Language is a beautiful, ever-changing form of communication, and technology can reduce the problem of low-use languages available on the internet.
404 Language Not Found: Improving Low Resource Language Use in AI
Article Mar 19, 2021
David Anderson
You found this article! Great job! Thanks to Google, a couple of links, and terabytes of data on the English language, the computer found what you wanted. However, if you spoke the local African language Bantu, good luck getting Google or Amazon Alexa to work for you.
The internet has a blind spot: if few people use a particular language online, those messages mean nothing to AI or virtual translation apps. In other words, this blind spot includes any native speaker of a local dialect with no second language fluency. Think this is a minor problem?
In large parts of Africa, India, and South America, the spoken dialects have little virtual existence. They’re missing:
- A large amount of text (books, social media posts, blogs)
- Any language formalities (dictionaries, thesauri)
- Task-related uses of the language (text-to-speech, Google Translate)
With a low amount of these essential language resources, a typical AI function like Gmail’s spam filters or Apple’s Siri will struggle to
perform well. AI personal assistants use resources in their natural language processing (NLP) systems to understand text, so with a language
like Azeri spoken in Azerbaijan, Google Translate looks even more broken than it already is. Exciting creations in new languages resources
are trying to close this technology gap, but not without obstacles.
Translator and Computer Programmer Needed
The difficulty with incorporating a low resource language is overcoming the two main obstacles: a translator and a highly skilled programmer fluent in the language. However, many low resource languages are local dialects with little technological advances in their lifestyle. You may find a translator, but a speaker with the training to code the language into the software? There’s often no one capable enough.
Governments of diverse countries like Brazil and India need a solution the most. Regulations and other mandatory communication with indigenous peoples remain incomplete without a computer-friendly translation. They’ve got to print the tax code in the native languages somehow.
Stuck on Translation
Finding native speakers helps start the process, but translating speakers is the proper first step. Complicated tasks like speech analysis, syntactic understanding, and contextual reasoning must combine with a reverse translation process to be successful. Even when you have ample language resources, translation efforts only worked in a single direction (English to Malayalam, and not vice versa), leaving the translation fatally flawed.

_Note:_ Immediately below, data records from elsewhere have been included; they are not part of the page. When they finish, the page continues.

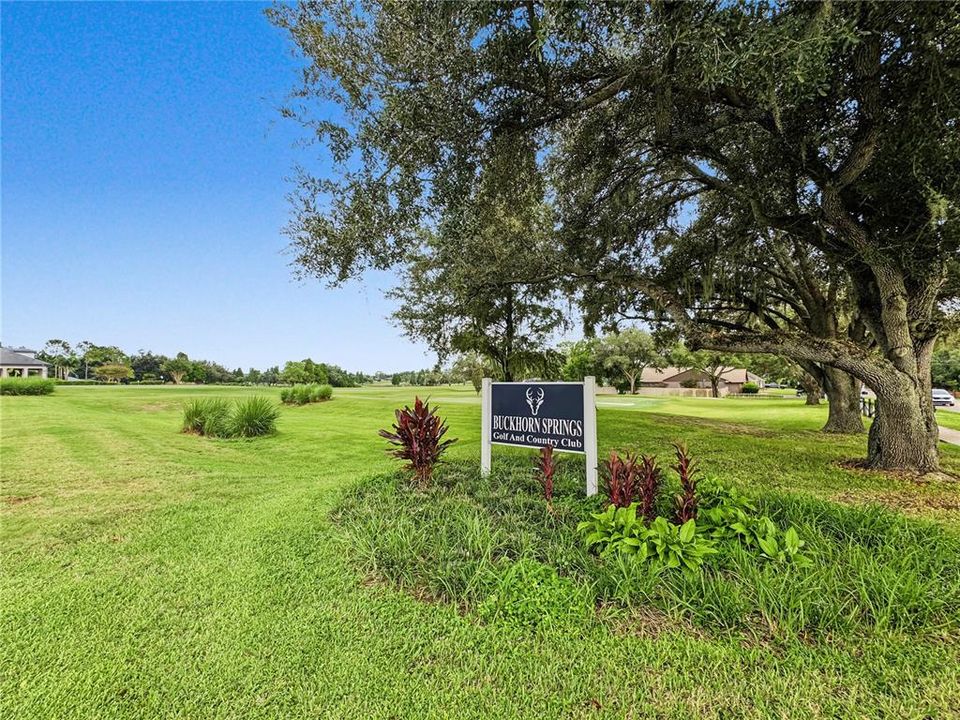 For Rent: $3,245 (3 beds, 2 baths, 2280 Square Feet)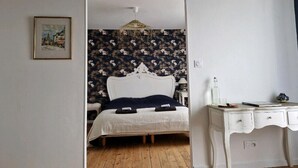 2 soverom, skrivebord, reiseseng for barn og wi-fi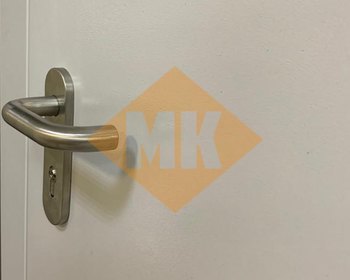 дверная ручка на планке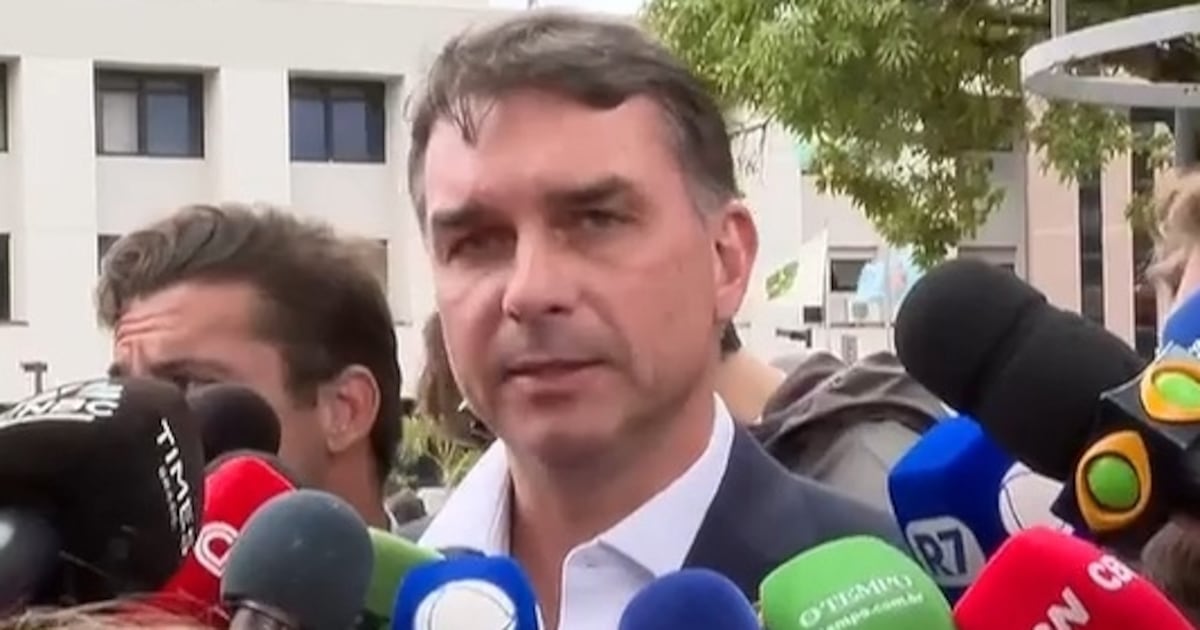 Análise: possível fuga de Flávio Bolsonaro pode abrir disputa pelo comando da oposição a Lula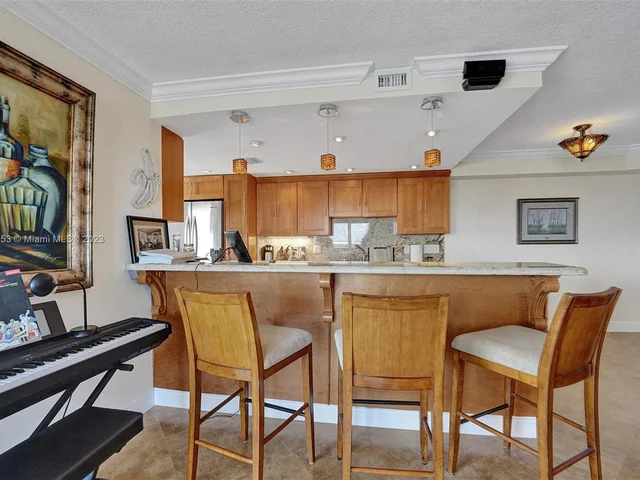 1160 Hillsboro Mile # 901, Hillsboro Beach FL 33062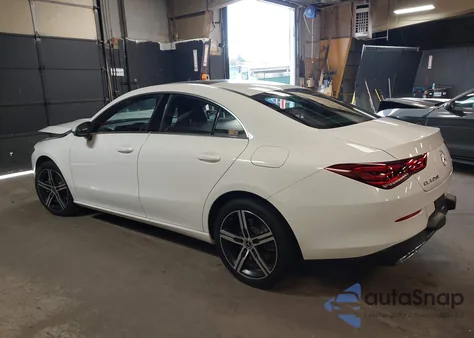 2020 Mercedes-Benz Cla 250 4Matic z USA, uszkodzony, nr VIN W1K5J4HB6LN119880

Secondly, all computers have a language they’re most familiar with: English. Compared to the low resource languages needing NLP translation, it’s an oddball, rarely proving whether the translation is successful for any other languages. “For vocabulary, word-order, morphology, standardized of spelling, and more, English is an outlier, telling little about how well a result applies to the 95% of the worlds communications that are in other languages,” says Robert Munro, a lead researcher on overcoming this digital language problem.
Solution in Progress
In the past, language translation was approached as a single comprehensive project. Texts in the language were compiled or drawn up, native speakers were consulted, and translation software was created for that specific language. However, this process is long, expensive, and sometimes wholly unfruitful; missing information leads to incomplete projects.
The traditional approach was successful with several low resource languages like Punjabi, but recently, an approach called “transfer learning” is receiving attention as a possibly quicker and more successful option. In this method, computer models are trained to predict language patterns by using parallel languages to the target dialect or, sometimes, a completely different set. When the model is refined, it becomes a powerful assistant in adapting low resource languages for the web. Another method called “polygot learning” creates a multilingual, universal language for computers to read that is more transferable than the typical English. Coding the target dialect into the universal language makes instant AI understanding and removes the English language barrier.
Close, But Not Finished
The problem of missing internet languages only grows. How do you keep a people group from dying off linguistically if technology doesn’t include them? It may be impossible to prevent language extinction if experts in translation and AI don’t continue towards a solution. Language is a beautiful, ever-changing form of communication, and technology nears a solution to working in harmony with all its variations.